После чая улеглись, с головой завернувшись в армяки и накидки: ночи были росные, хоть и теплые. Солдат сразу же захрапел, дед Митяич тоненько подсвистывал ему, а чиновник все жужжал и жужжал Федору в ухо:
– Истощился я по образованности, милостивый государь мой. Да-с. Помилуйте-с, третий год уже среди сермяги и дегтя-с брожу, третий годок! Да-с, чиновник есмь, до двенадцатого класса дослужился, до чина губернского секретаря-с. Двадцать семь лет верой и правдой, верой и правдой, а пенсиона лишен-с. Уволен несправедливо и обидно для седин своих, выброшен-с, выброшен-с, ваше благородие.
– Оставьте звать меня благородием, – глухо вздохнул Федор под армяком.

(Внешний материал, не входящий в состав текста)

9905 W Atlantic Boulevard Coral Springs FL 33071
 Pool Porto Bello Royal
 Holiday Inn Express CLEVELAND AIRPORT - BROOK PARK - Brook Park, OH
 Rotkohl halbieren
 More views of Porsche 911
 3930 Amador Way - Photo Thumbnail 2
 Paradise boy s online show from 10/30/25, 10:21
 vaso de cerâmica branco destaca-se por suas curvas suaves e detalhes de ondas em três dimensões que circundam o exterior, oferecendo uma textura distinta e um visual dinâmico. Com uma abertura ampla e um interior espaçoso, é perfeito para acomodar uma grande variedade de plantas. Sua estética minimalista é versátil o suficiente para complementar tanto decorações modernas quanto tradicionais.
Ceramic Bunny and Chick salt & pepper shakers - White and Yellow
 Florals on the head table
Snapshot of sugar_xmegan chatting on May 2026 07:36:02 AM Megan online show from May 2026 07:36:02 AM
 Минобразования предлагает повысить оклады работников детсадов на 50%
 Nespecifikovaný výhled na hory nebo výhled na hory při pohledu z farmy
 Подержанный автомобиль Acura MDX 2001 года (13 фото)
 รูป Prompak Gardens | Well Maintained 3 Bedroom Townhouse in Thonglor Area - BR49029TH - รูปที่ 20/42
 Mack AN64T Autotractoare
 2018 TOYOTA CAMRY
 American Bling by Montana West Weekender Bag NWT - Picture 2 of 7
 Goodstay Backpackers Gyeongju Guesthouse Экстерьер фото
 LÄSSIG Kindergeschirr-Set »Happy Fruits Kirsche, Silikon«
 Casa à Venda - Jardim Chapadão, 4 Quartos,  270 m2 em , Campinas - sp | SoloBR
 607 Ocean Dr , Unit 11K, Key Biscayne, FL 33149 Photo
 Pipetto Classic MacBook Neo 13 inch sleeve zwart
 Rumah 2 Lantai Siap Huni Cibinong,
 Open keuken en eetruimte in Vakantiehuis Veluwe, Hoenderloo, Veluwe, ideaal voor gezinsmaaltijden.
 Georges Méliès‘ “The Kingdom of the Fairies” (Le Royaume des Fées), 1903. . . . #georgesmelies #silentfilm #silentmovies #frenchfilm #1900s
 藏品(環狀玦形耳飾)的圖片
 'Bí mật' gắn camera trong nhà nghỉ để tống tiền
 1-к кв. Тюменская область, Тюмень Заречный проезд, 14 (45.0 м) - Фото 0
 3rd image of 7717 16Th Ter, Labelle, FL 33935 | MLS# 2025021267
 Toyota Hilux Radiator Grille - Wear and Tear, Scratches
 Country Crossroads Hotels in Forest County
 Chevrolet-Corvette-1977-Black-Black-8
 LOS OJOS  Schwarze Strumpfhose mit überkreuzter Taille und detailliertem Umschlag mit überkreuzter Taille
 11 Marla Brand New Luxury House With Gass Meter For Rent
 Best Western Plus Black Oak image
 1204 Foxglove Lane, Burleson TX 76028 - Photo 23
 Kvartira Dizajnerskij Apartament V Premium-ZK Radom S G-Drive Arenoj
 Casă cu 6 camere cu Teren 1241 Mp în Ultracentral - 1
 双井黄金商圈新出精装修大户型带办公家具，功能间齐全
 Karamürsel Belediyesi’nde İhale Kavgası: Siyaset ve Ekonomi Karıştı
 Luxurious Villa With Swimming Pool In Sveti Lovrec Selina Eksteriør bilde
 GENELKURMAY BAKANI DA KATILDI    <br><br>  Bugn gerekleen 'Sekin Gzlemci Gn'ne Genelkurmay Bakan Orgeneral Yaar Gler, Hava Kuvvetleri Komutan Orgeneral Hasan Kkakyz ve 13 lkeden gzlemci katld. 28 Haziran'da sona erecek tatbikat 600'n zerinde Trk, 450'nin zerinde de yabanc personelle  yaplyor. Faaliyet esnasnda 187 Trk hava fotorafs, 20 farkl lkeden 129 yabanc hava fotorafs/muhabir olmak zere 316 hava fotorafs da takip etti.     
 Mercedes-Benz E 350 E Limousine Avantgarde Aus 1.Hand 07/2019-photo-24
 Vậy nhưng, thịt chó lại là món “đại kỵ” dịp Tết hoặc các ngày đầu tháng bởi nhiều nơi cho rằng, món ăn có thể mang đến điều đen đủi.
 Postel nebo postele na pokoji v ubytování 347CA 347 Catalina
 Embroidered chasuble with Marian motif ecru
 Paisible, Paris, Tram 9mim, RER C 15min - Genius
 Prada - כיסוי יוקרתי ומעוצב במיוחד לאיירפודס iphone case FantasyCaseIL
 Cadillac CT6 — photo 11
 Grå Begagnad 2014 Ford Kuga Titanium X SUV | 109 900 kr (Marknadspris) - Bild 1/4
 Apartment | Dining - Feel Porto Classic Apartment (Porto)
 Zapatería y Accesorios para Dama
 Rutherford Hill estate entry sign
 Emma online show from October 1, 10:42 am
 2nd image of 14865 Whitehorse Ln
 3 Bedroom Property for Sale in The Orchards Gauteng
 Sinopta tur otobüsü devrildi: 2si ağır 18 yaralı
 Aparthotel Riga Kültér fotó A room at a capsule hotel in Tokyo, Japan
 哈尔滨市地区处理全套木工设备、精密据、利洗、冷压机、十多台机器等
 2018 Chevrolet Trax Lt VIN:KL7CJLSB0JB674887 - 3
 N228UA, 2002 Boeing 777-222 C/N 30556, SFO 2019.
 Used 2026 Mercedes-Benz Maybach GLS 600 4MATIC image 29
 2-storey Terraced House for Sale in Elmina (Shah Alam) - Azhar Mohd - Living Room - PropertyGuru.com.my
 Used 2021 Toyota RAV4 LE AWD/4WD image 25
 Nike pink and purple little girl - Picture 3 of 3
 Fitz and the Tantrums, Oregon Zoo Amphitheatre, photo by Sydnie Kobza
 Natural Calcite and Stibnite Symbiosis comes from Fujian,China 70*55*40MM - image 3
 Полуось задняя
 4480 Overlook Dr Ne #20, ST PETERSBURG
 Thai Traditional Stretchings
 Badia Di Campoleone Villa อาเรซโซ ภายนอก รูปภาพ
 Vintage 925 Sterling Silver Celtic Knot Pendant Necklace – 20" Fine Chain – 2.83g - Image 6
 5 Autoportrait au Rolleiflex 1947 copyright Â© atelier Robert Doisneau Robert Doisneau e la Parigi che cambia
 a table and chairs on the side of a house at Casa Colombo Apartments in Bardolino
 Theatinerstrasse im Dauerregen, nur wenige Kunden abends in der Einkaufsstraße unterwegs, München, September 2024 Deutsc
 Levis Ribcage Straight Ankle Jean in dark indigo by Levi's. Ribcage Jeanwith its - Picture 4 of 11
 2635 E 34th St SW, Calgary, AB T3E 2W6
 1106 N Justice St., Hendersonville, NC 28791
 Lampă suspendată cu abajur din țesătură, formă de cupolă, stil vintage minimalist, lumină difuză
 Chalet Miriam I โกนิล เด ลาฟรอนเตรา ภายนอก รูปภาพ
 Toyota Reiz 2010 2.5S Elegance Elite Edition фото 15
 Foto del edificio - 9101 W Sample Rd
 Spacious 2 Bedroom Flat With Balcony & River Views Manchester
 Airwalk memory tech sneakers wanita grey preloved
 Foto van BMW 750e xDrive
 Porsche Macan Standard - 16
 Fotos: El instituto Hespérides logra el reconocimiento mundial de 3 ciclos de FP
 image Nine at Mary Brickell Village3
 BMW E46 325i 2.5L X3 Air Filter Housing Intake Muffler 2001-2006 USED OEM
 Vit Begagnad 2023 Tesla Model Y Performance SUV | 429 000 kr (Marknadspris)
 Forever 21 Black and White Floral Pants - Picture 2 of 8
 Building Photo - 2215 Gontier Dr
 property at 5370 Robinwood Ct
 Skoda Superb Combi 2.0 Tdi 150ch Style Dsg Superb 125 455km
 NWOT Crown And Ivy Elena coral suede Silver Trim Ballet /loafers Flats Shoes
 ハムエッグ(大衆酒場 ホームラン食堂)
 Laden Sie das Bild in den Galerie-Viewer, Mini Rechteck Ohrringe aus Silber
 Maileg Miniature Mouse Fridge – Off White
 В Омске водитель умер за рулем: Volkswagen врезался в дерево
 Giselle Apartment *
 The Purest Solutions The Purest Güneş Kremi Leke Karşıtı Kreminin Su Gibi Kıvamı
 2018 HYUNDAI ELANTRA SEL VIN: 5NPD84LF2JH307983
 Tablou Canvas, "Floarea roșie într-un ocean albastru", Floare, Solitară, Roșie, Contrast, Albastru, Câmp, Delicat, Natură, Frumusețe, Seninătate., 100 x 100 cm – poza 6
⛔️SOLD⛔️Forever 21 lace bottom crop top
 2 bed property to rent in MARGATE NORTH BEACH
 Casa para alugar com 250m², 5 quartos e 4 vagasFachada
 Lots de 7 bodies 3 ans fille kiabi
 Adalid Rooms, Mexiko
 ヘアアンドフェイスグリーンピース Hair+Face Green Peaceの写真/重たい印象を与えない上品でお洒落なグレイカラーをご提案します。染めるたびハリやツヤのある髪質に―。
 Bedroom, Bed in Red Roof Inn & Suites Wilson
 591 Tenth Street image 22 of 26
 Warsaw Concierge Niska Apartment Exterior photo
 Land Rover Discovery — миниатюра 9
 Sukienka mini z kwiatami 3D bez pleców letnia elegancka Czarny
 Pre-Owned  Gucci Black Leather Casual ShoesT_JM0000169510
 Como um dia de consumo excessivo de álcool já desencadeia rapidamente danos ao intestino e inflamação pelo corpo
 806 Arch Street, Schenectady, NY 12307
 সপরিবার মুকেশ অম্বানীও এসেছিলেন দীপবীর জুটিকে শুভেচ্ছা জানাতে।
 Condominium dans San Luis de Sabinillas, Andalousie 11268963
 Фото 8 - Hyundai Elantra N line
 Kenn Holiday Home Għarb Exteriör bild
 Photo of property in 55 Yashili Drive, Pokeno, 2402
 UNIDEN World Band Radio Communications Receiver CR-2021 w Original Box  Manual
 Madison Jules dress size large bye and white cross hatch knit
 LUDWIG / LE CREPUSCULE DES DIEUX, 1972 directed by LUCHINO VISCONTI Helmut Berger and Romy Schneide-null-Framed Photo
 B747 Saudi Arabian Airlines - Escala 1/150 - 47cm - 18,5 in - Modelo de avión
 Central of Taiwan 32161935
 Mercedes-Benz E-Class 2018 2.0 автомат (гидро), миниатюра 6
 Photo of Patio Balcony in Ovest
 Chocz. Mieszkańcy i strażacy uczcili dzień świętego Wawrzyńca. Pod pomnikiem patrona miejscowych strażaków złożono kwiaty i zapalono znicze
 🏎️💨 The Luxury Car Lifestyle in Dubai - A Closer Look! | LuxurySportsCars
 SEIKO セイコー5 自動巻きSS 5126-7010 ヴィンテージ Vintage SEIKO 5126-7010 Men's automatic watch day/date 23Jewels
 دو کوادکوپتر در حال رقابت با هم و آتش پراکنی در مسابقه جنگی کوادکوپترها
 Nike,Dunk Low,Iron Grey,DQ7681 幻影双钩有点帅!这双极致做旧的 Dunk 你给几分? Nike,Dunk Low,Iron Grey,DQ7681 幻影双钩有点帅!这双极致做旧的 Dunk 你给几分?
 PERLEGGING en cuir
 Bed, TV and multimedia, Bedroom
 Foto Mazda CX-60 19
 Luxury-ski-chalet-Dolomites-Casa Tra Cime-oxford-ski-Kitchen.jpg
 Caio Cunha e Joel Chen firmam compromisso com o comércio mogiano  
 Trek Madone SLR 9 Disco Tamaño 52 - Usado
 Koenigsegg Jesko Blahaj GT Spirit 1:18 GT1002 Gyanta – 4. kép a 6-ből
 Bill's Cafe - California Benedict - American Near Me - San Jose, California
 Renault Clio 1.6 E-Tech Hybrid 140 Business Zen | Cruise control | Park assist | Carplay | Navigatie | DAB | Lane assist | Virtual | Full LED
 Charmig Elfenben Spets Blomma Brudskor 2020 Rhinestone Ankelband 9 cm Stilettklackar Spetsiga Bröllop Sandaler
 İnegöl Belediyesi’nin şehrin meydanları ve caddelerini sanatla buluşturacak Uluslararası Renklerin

– Как можно-с, как можно-с, мы понимаем! Да-с, чиновник, крапивное семя. Ни состояния, ни мастерства. Конечно, гордый человек в чиновники не пойдет, потому как полный произвол, полный произвол-с! Гибчайшую спину надо иметь, чтоб удержаться, гибчайшую-с. Потому, изволите ли видеть, что одно жалованье! Лижи руку дающую, лижи, даже если бьет она. Собачья жизнь-с, собачья, ваше благородие.
– Да оставьте…
– Нет, как можно-с, как можно-с. Вот среди подлого народа вынужден коротать дни своей старости. Не потрафил, да, не потрафил-с своевременно кому следует-с – и выброшен, аки пес, рык растерявший. Но я горд, горд, я благородный человек, подаяния от подлейших сил не прошу. Я, изволите ли видеть, слог имею и почерк. Тем и кормлю бренность свою.
Федор вертелся под армяком, затыкал уши: гнусавое жужжанье доводило до отчаяния. Чиновник то жаловался на судьбу, то ругал мужиков, снова жаловался и снова ругал, и Федор уснул под это нытье с головной болью. А проснулся от мощного веселого рева:
– Бери ложку, бери хлеб, собирайся на обед!